I know these guys work hard, and it's the situation that's at fault. That being said, here's the situation, with a little background first.

A few recruiters have been chasing me. One of the companies later casually boasted of hiring a very well known person in the Perl community. This bugged me for some reason, and I couldn't quite put my finger on it until now. It doesn't bother me that they don't want me so much any more, or that this other person has a job, or that it isn't the coolest job in the world and they deserve better, but that's getting warming.

I've beend teasing recruiters, telling them I want to work on long term infrastructure that will benefit them but is beyond the scope of any of their current projects. They *hate* this, all being obsessed with whatever the current deadlines are that they're getting ready to miss and not the 20 upcoming deadlines for other things they're also going to miss and the next million dollars worth of hardware they're going to have to buy to try to scale up. As soon as the scope of work goes above whatever middle manager I'm assigned to, it's panic.

Companies must have gotten into this mindset in part because recruiters and recruiting works. They can -- with this last hire as proof -- get top talent to work for middle managers, with blinders on, oblivious to the long term for the company, business-wise or technology wise.

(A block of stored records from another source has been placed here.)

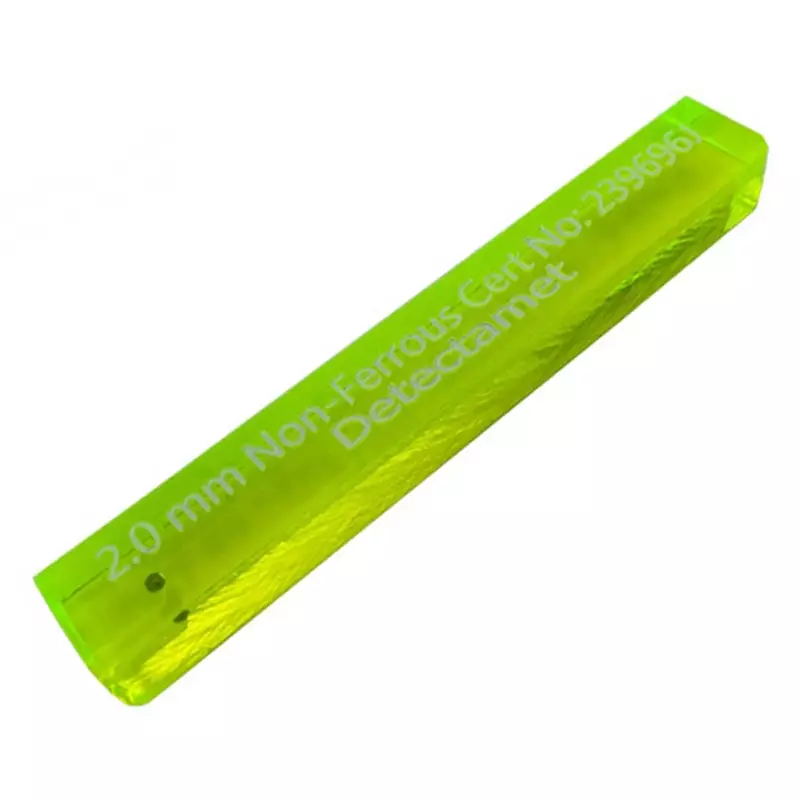 Detectamet metaaldetectie teststick acryl NON FE 100x12x10 mm 3,0 mm groen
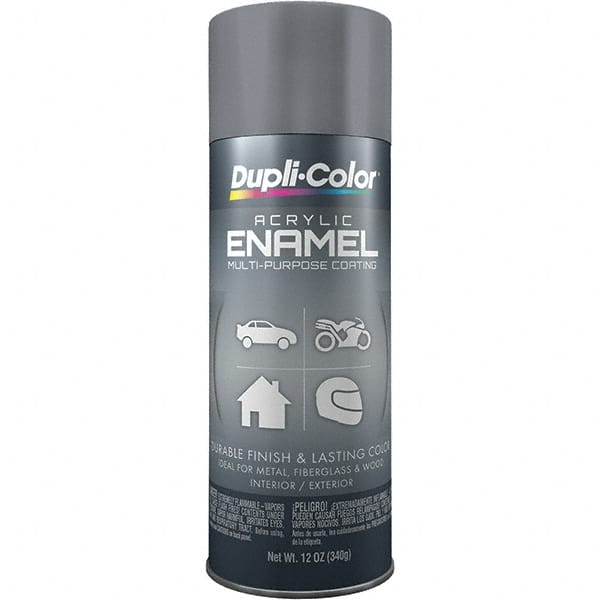 Dupli-Color - Machinery Gray, Gloss, Acrylic Enamel Spray Paint - 12 to 14 Sq Ft per Can, 12 oz Container - Exact Tooling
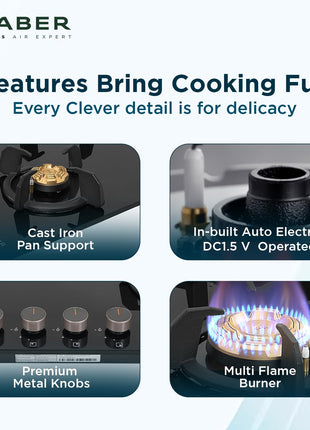 Faber 4 Burner 70Cm HOB |Auto Ignition| HOB PRIME HT704 CRS BR CI AI |Metal Knobs| Cast Iron Pan Support |HOB/Cooktop Hybrid| Black Glass Finish |5 Yrs Warranty On Glass & Valve | 2 Yrs On Burner 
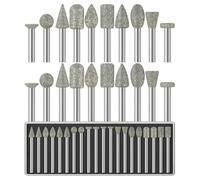 Osmond 20Pcs 60-Grit Diamond Grinder Bit 1/8" Shank Compatible for Stone Glass Resin Porcelain Ceramic Quartz Glaze Steel Carve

With Nicholas Clark's lament at http://www.nntp.perl.org/group/perl.perl5.porters/112172 about the lack of paid labor beyond Perl itself it struck me that if these companies were legimately desperete for talent, then talent would be able to set the priorities, and they'd pick longer term priorities -- such as Perl itself.

We got where we are now in Perl with Perl's philosophy that developer time amortizes over user time. And companies just don't "get" that. And now we're losing it.

Companies are well known for complete failure to give back. Microsoft, with it's huge size and influence over the burb its in, famously negioted tax breaks that let it bankrupt the local gradeschool and turn it into a school worse than most inner city schools. Way to go! It seems to me that Perl using companies are managed to shoot themselves in the foot in a similar, but even shorter-term -- say one or two years down the road -- sort of way.

So, I'm going to "profit" from this little bubble by using it as a soap box to condescend to these fucktards from.